Citizenship

Citizenship and compassion in healthcare

Compassion in healthcare needs to be rethought in terms of citizenship especially the obligations of citizenship. A civic context and civic concepts can help all of who think about healthcare get a handle on compassion education.

Our kind of society is reluctant to affirm any one comprehensive system of values or beliefs as being the only one or the true one.

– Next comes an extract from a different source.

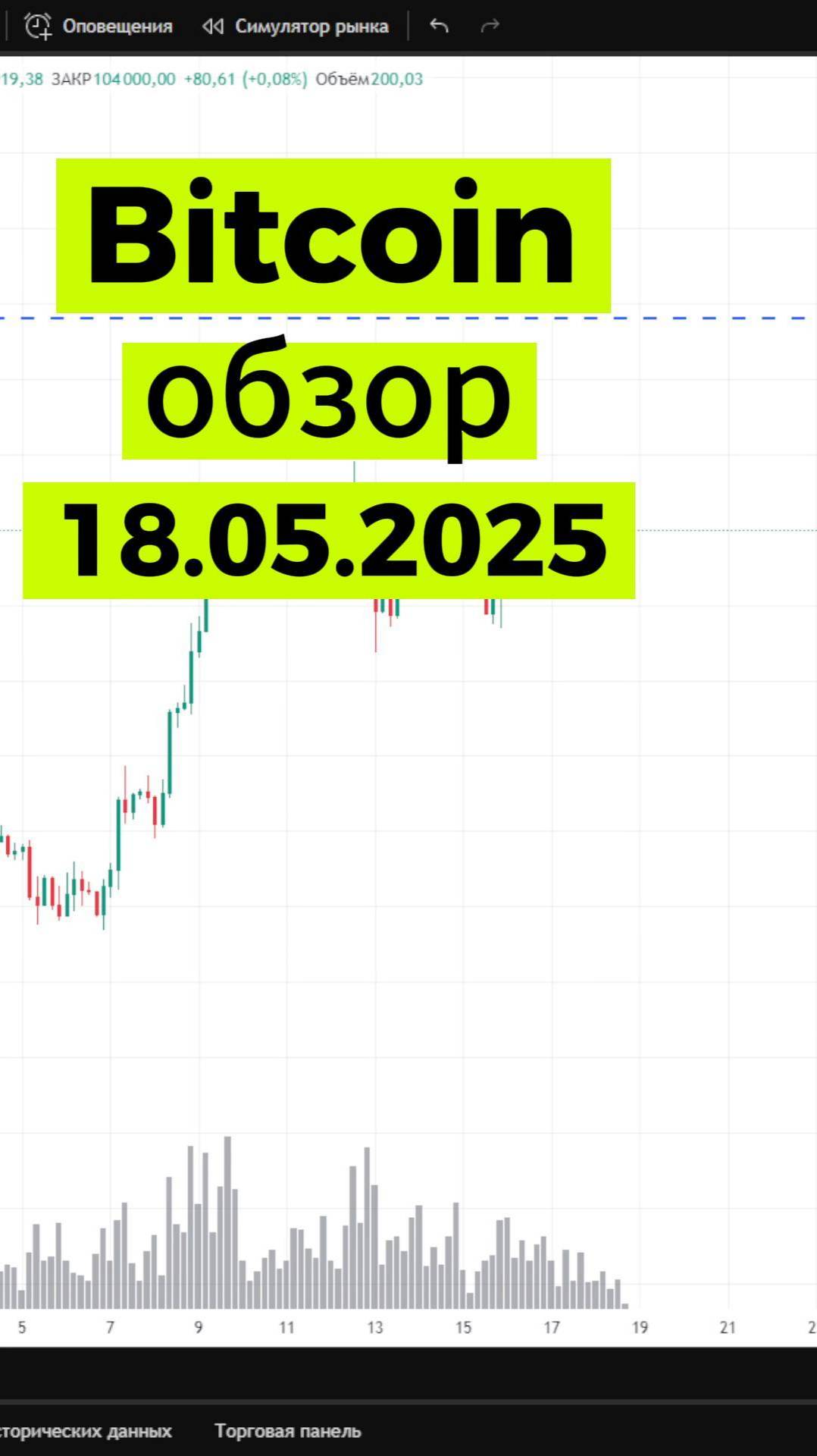 Биткоин ты куда? обзор 18.05 #bitcoin #криптовалюта #трейдинг #биткоин #btc #cryptocurrency #крипта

There’s a reticence about being definite about the beliefs or values which hold us all together just because there is no widespread agreement.  

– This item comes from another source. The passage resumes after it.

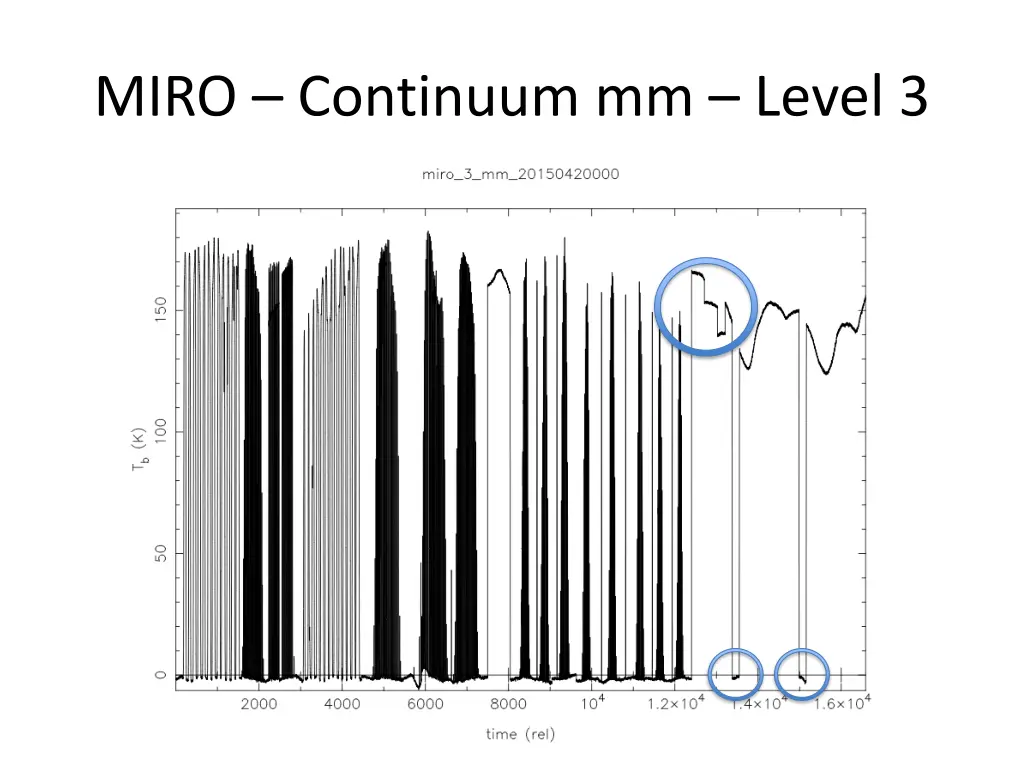 miro continuum mm level 3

So we’re bound to ask how thick the values which define a public institution, such as a healthcare institution, can possibly be. What do mottos such as ‘Compassionate Excellence’ mean when they are at work? How substantial a vision of compassion can an institution hold, when the people who work in it and the people who use it may believe different things about healing, suffering, life and death; or believe quite similar things in name but for quite different reasons. Compassion is a good example here: everyone agrees ‘compassion’ is a good thing. Who could be against ‘compassion’? But people seem to believe quite different things about what it means in theory and in practice.

When people are asked to summarise British values, we often hear something like ‘fairness’. Now ‘fairness’ is important: you will almost certainly know if the processes which govern your life are not fair, if there is an injustice taking place.  But the term ‘fairness’ does not say much about the values and goals which should govern our common lives: fair with respect to what, we might ask? For that we need something more substantial, a vision of what is good and bad in life. Such a vision orients what we value and what we value allows us to clarify what it is we ought to feel compassion about.   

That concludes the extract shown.